Quanto às roupas e vestimentas, elas são em geral inadequadas para o clima brasileiro – quando vem de países frios como o Japão e China – onde o budismo floresceu em montanhas e locais gelados. A exceção é o budismo Theravada, por motivos óbvios para quem olha o mapa e vê as latitudes onde ele permaneceu. Os monges sofrem com as vestimentas quentes em demasia, mas alterar as tradições é um trabalho lento, pelo temor que sempre assalta os encarregados de adaptar, temerosos que ficam de jogar fora a criança junto com a água do banho.
A tendência orientalista, que ataca os leigos, deve permanecer, porem amenizada, a medida que o budismo se adapta ao novo mundo, os mestres podem desencorajá-la, como fez o Dalai Lama ao criticar ocidentais que chegam a alterar os móveis de sua casa, crendo que por mudar as aparências tornam-se mais budistas.
Os ensinamentos, em si, não são a parte mais lenta da adaptação necessária, porém intérpretes ocidentais muitas vezes perdem de vista o propósito dos textos, presos a alguma visão dogmática. Freqüentemente surgem teóricos, crentes de que sabem algo pelo muito estudar, mas carentes de prática real. Sendo essa uma característica ocidental, que faz com que não seja surpreendente um filósofo ser admirado por suas teorias, embora seja uma pessoa incapaz de vivenciar uma vida coerente com o que ensina. Perdido em emoções primárias, ou viciado em drogas, pode ser reverenciado mesmo assim. Do ponto de vista budista, uma pessoa com esta conduta não pode ensinar de maneira alguma, se não é um exemplo vivo de seu ensinamento então lhe falta qualquer legitimidade.

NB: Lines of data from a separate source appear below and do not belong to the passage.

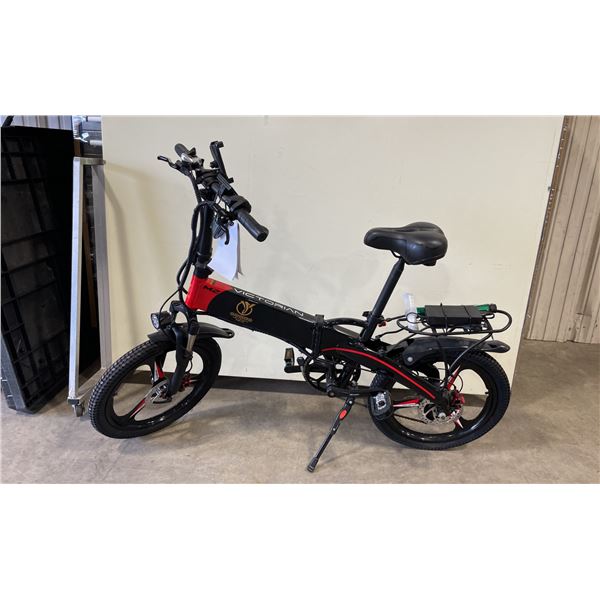 VICTORIAN M2 A BLACK / RED SHIMANO 7 SPEED ELECTRIC FOLDABLE E-BIKE WITH CHARGER - 55 KM RANGE,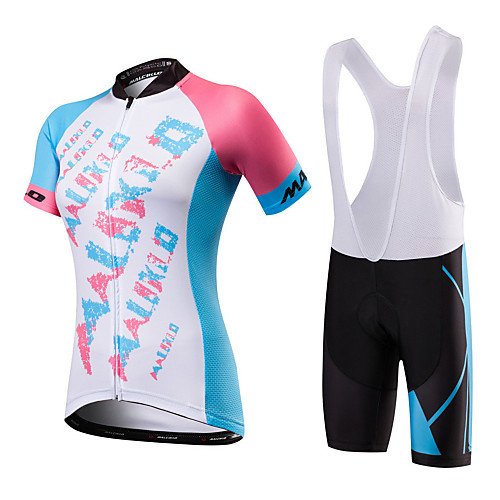 

Malciklo Women's Short Sleeve Cycling Jersey with Bib Shorts Coolmax Spandex Lycra Blue / Black Sky Blue Floral Botanical Plus Size Bike Jersey Bib Tights Breathable Quick Dry Anatomic Design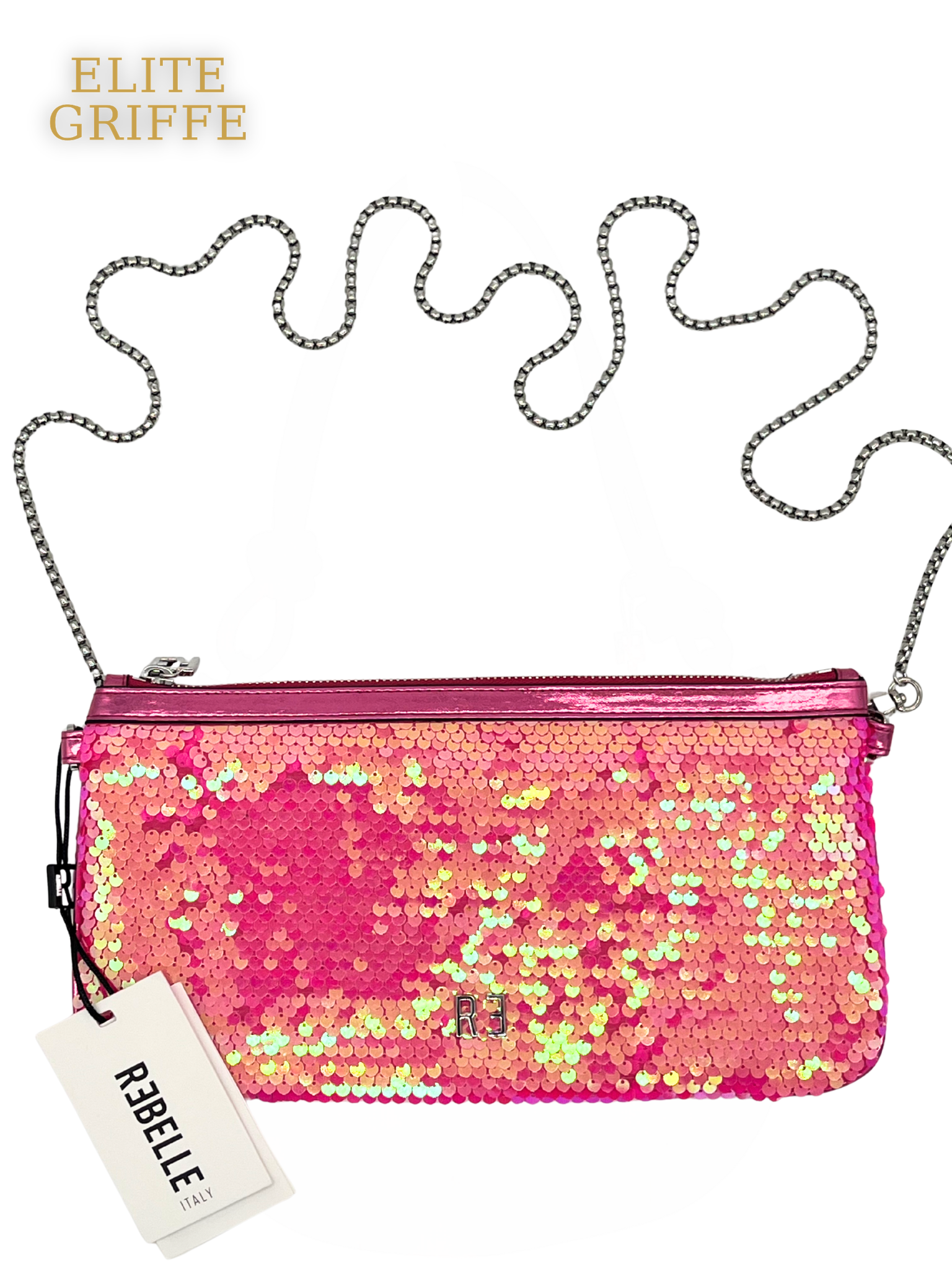 REBELLE - Pochette rosa laminato con catena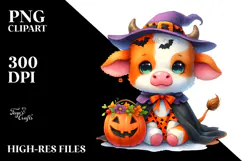 Cute Baby Cow Dressed for Halloween PNG Product Image 2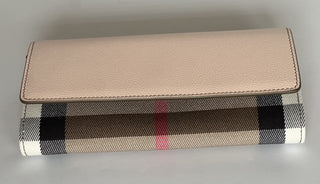 Burberry Halton MX Check Pale Cameo Wallet 80845321 NWT $680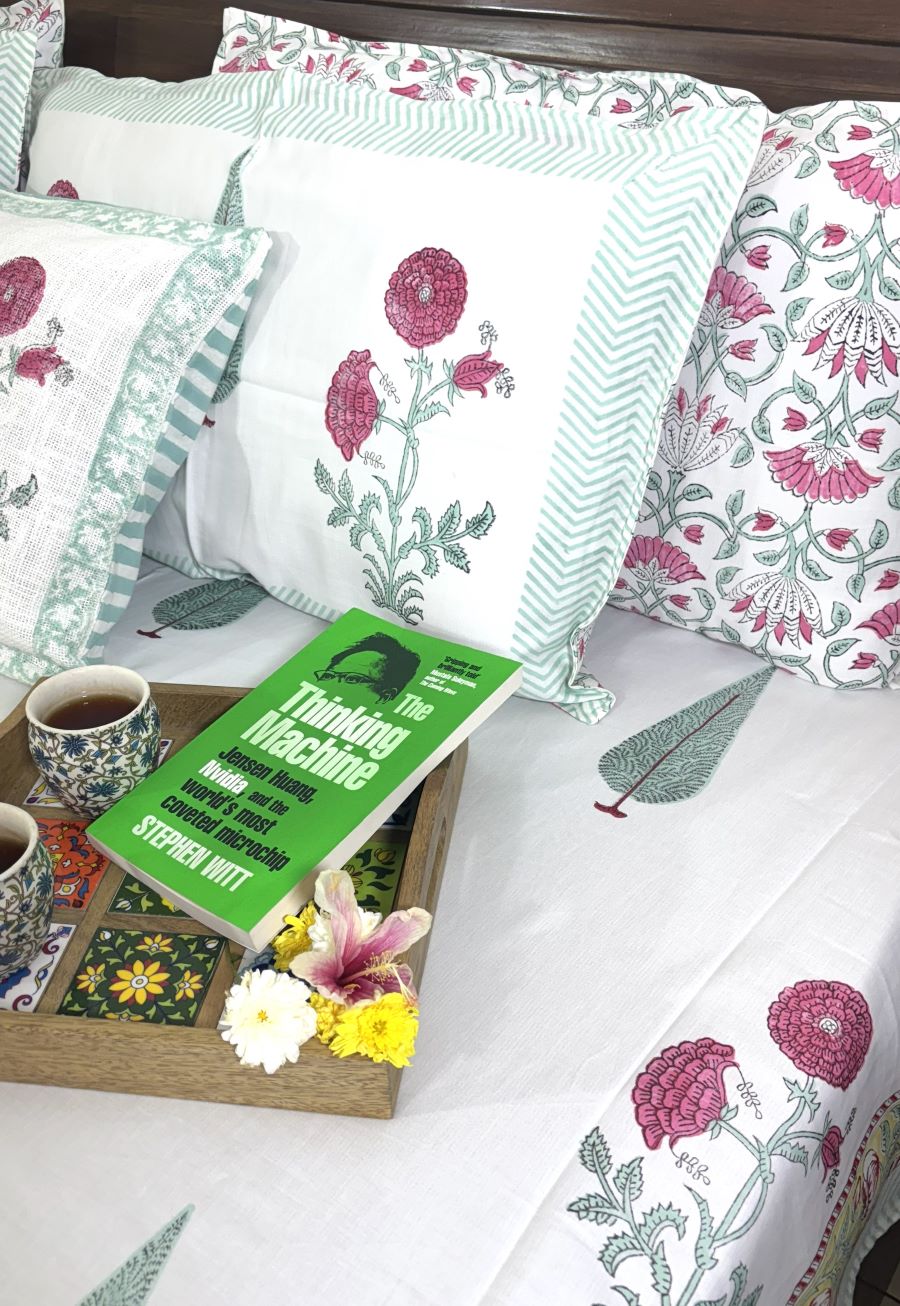 Green & Pink Botanical Floral Tree Patterns Hand Block Bedsheet with 2 Pillow Cover Set - 400TC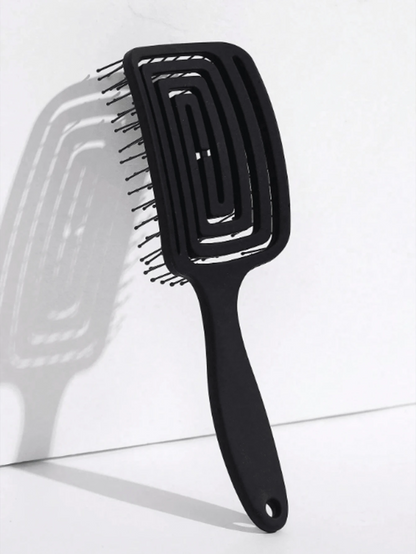1 pezzo di pettine da massaggio con decorazione a labirinto popolare per donne, pettine magico per capelli traspirante e asciutto (nero), cura del corpo per viaggi, all'aperto, sport, ufficio, scuola, regalo di San Valentino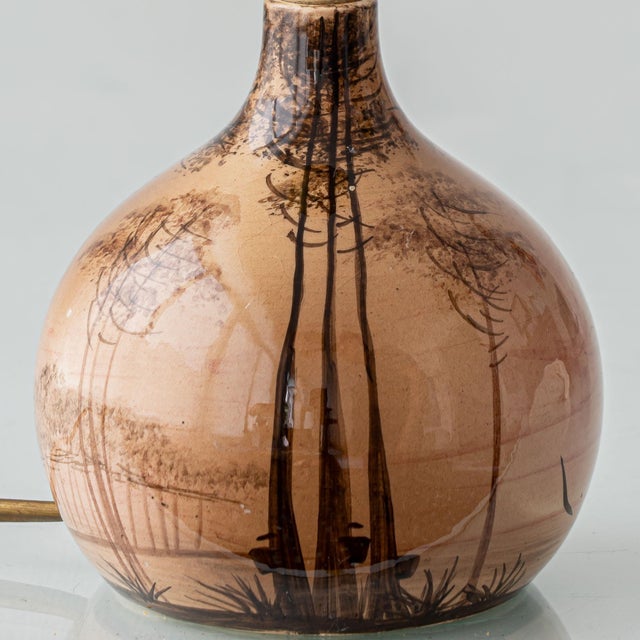 Small French Art Nouveau Hand-Painted Ceramic Table Lamps, 1920s, Set of 2 For Sale - Image 6 of 18
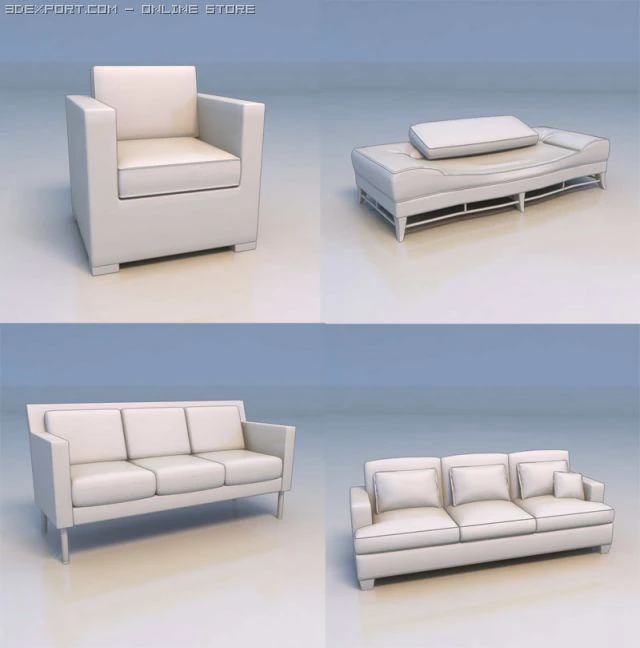 ソファー カウチ 3Dモデル .c4d .max .obj .3ds .fbx .stl .blend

Simultaneamente, surgem centros budistas desconectados de escolas e seguindo uma mistura de conceitos de diferentes linhas. Esta salada, caracteristicamente libertária – de tomar apenas o que agrada – cria organizações frágeis, sem raízes e facilmente domináveis por lideranças questionáveis; a falta de disciplina conseqüente leva a acontecimentos que podem denegrir o budismo como um todo, e não é fenômeno ocidental, pois o oriente padece do mesmo mal.O CBB surgiu muito motivado por acontecimentos tristes acontecidos em organizações deste tipo.
Como vemos, o característico ciclo das coisas acontece sem cessar no budismo e no seu fenômeno imperfeito de manifestação no reino humano. No entanto a jóia do Dharma brilha, e, paulatinamente, se ergue sobre o fundamento jogado na lama. Por mais que o meio seja impuro seu fulgor é tal que sua pureza se impõe e floresce, nosso trabalho é erguer a jóia sem perder em nenhum momento nossa clareza e compreensão das dificuldades humanas.